Despite having a Test cap to his name, on his return home Willis found it difficult to command a regular place in the Surrey side that went on to win the Championship that year. He moved to Warwickshire and spent the rest of his playing days based in Birmingham.
It is hardly surprising, given the stresses and strains that his unique action put on his body, that in those early years, Bob suffered terribly from injury, with his knees, in particular, subject to numerous operations. He also found the long, lonely business of rehabilitation tough and would later admit to suffering from depression.
During the centenary Test of 1977, after a heart-to-heart with Tony Greig, Bob was introduced to an Australian hypnotherapist called Arthur Jackson who revolutionised his life.
Armed with hypnotherapy tapes that he would listen to as he fell asleep, Bob also became a passionate believer in slow distance running to build up his fitness and stamina and was often seen pounding out the laps of the Edgbaston outfield.
As it happened, 1977 was a key year in the Willis story. That summer saw the debut of a young, fast-bowling all-rounder by the name of Ian Botham, and over the next seven years they would play 60 Test matches together and take 476 Test wickets between them, proving to be one of English cricket's most lethal opening partnerships with the new ball.
Seventy-seven was also the summer of Kerry Packer but, despite being asked to join World Series Cricket, Bob insisted on staying loyal to England - later saying that it was the buzz of playing Test cricket for his country that motivated him to play the game. He would later also turn down the offer of a huge cheque to go on the first rebel tour to South Africa.
No look back on the career of Bob Willis would be complete without a mention of another aspect of his game - his batting.

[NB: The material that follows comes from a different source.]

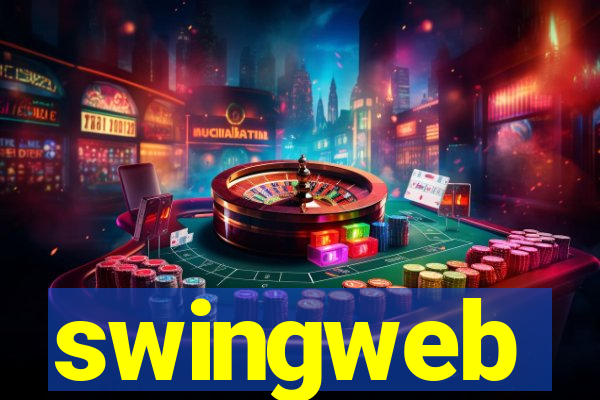 swingweb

It was as idiosyncratic in its style as his bowling and when he forgot to take his bat out with him during a Test at Edgbaston, another aspect of the legend of Bob Willis was established.
It is, though, for his spell of 8-43 at Leeds on the afternoon July 21, 1981 that Bob will always be remembered.
Defending 129 thanks to Botham's extraordinary second-innings hundred, everything turned on Bob - who was being plagued by no-balls - persuading Mike Brearley to allow him to bowl down the hill from the Kirkstall Lane End.
Something suddenly clicked and in 15 overs and one ball he blew the Australians away for 111 to deliver English cricket one of its greatest victories.
With the rebel tour to South Africa the following year taking a dozen of England's top players out of international cricket, Bob, much to his surprise, found himself appointed as England captain. He didn't much enjoy the job, but England's three-run win in Melbourne in 1982 courtesy of Geoff Miller's rebound catch delivered another career highlight.
Illness eventually forced his retirement from cricket in 1984 but that was not the end of Bob and cricket.
He quickly developed a reputation as a no-nonsense commentator and pundit and his acerbic, withering assessments of England's all-too-often failures saw him achieve cult status among an army of fans who never actually saw him bowl.
But, while he was seen by some as being grumpy, miserable and hyper-critical, he was in fact never happier than when he had to eat his words and praise England to the rafters.
With his death, Bob Dylan has lost one of his most devoted fans, wine growers everywhere a serious connoisseur of their art and English cricket one of their greatest ever players.